◆ What the exercise asks
Each entry below must be written out exactly, with pictures left out.

◆ Given entries
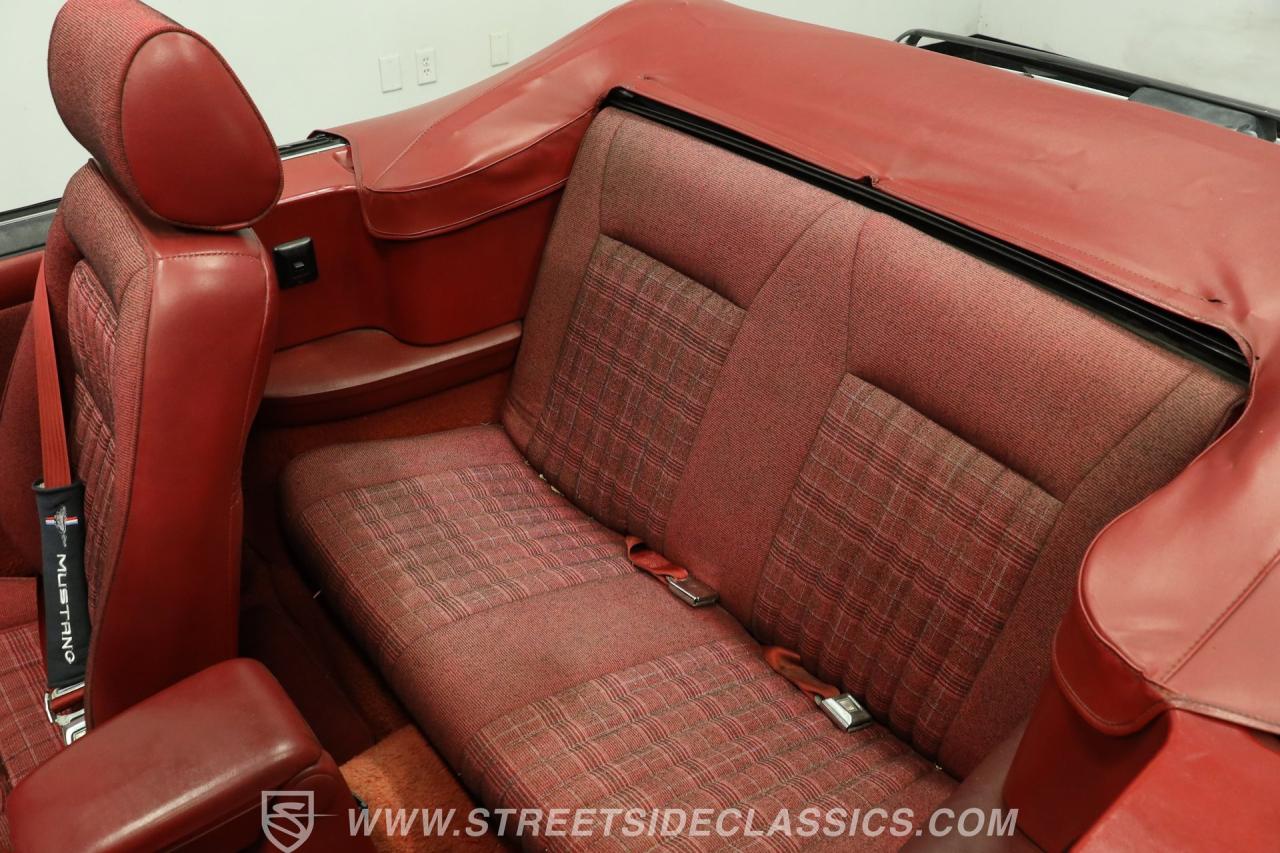 1987 Ford Mustang GT Convertible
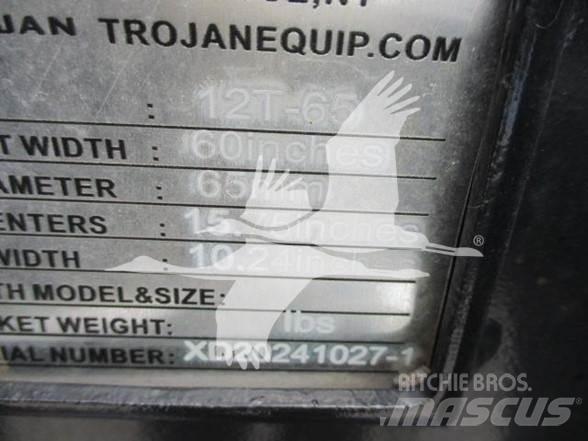 Trojan 120CL Kašike / Korpe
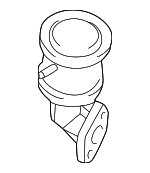 11727540466 - Emission System: Shut-Off Valve for BMW: 323is, 328i, 328is, M3, Z3 Image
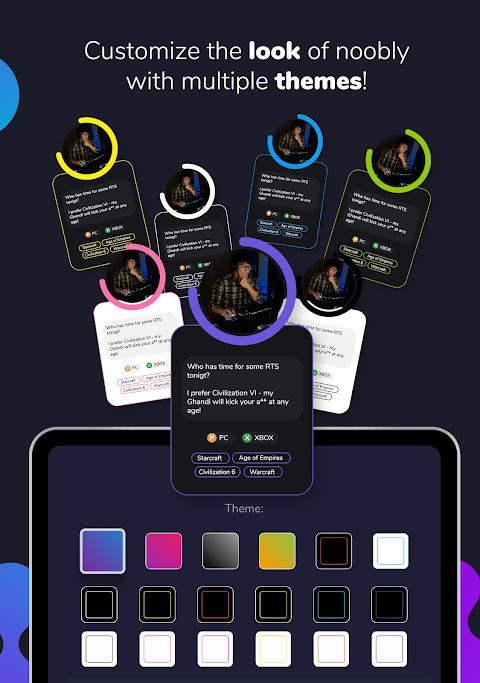 Noobly find gamers meet friends_playmods.net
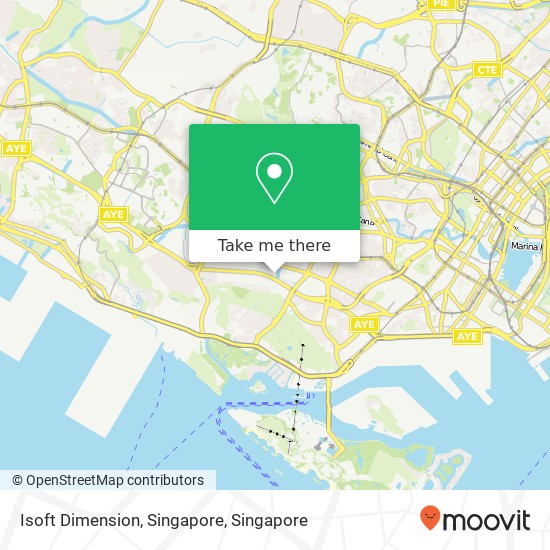 Isoft Dimension, Singapore地图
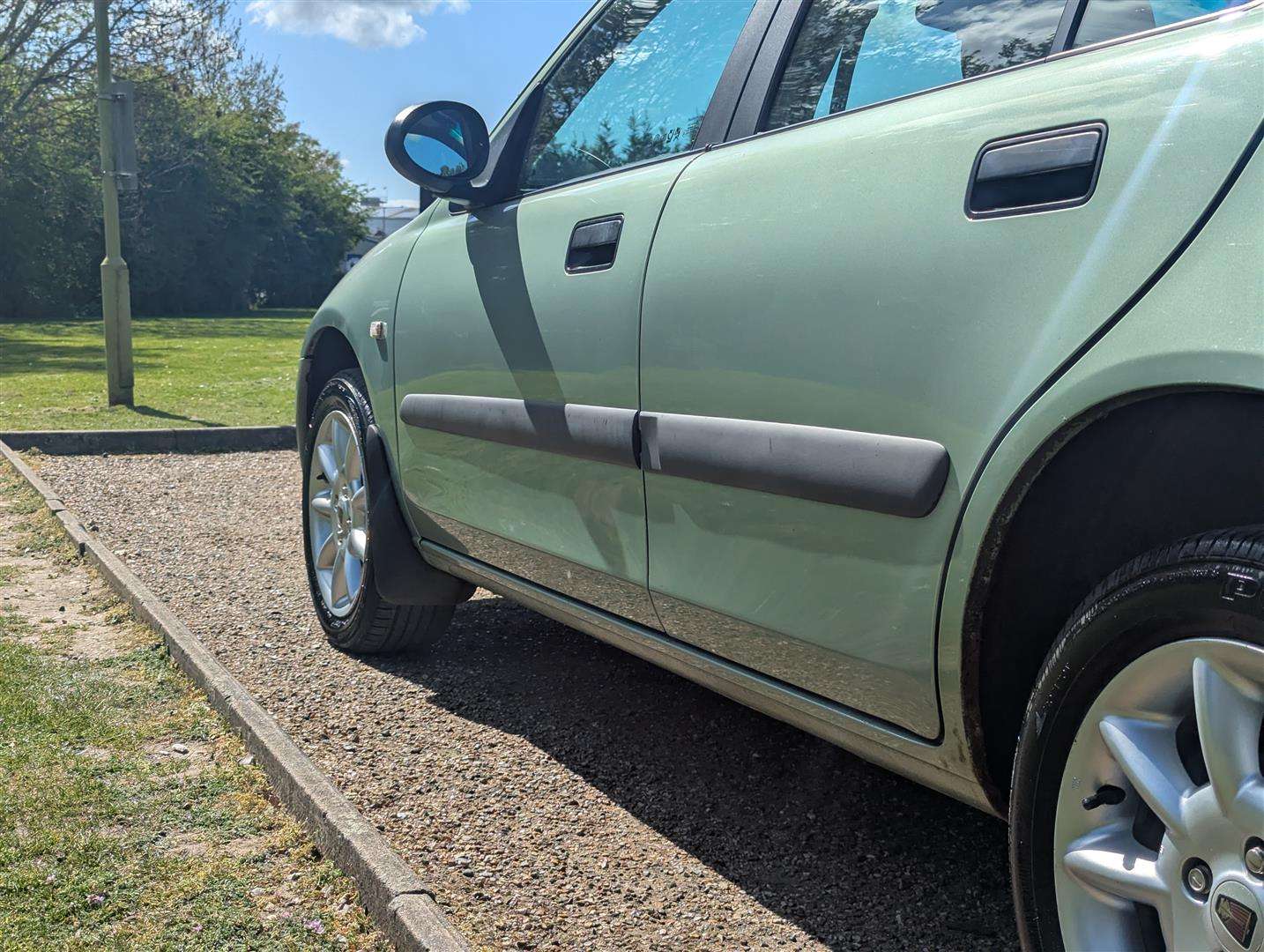 <p>2002 ROVER 25 IMPRESSION S2</p>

◆ Response area
 1987 Ford Mustang GT Convertible
 Trojan 120CL Kašike / Korpe
 11727540466 - Emission System: Shut-Off Valve for BMW: 323is, 328i, 328is, M3, Z3 Image
 Noobly find gamers meet friends_playmods.net
 Isoft Dimension, Singapore地图
 <p>2002 ROVER 25 IMPRESSION S2</p>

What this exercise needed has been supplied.